About this task:
Report only how many lines of the records contain the word "with".

• • •

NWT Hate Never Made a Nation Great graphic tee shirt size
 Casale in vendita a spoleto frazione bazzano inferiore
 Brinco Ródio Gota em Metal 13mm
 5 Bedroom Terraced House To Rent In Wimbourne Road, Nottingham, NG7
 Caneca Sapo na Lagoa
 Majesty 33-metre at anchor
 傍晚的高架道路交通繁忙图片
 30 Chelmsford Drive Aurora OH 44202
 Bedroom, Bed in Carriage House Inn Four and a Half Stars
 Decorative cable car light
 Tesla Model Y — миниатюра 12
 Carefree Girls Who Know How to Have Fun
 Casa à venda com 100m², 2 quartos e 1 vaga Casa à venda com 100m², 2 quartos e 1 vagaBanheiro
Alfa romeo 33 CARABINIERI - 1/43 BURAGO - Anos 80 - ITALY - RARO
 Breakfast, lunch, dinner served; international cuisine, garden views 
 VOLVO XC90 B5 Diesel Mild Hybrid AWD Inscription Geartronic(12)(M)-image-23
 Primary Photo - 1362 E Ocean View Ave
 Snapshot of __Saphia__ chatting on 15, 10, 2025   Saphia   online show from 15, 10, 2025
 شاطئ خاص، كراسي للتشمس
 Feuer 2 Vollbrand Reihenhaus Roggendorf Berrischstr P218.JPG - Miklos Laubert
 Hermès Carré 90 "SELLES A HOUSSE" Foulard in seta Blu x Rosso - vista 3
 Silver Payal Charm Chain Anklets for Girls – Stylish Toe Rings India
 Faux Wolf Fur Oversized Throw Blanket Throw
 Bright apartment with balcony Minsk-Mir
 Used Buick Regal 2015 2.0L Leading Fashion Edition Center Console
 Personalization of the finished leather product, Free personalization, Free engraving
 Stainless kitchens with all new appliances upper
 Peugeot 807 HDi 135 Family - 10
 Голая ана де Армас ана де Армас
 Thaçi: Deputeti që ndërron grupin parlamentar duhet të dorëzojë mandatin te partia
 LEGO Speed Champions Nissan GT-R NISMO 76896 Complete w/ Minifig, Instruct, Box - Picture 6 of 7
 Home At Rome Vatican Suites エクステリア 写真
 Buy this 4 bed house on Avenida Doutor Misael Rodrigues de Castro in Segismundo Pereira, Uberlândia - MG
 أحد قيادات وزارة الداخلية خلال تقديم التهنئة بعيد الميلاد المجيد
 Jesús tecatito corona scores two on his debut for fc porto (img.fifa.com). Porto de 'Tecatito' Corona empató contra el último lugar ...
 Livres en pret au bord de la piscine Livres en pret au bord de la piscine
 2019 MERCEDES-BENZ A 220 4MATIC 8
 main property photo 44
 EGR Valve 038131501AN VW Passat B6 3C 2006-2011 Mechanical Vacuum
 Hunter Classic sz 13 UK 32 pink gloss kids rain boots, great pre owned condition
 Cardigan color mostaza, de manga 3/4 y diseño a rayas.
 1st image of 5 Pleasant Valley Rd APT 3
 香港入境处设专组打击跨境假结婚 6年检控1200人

• • •

Solution for this exercise:
2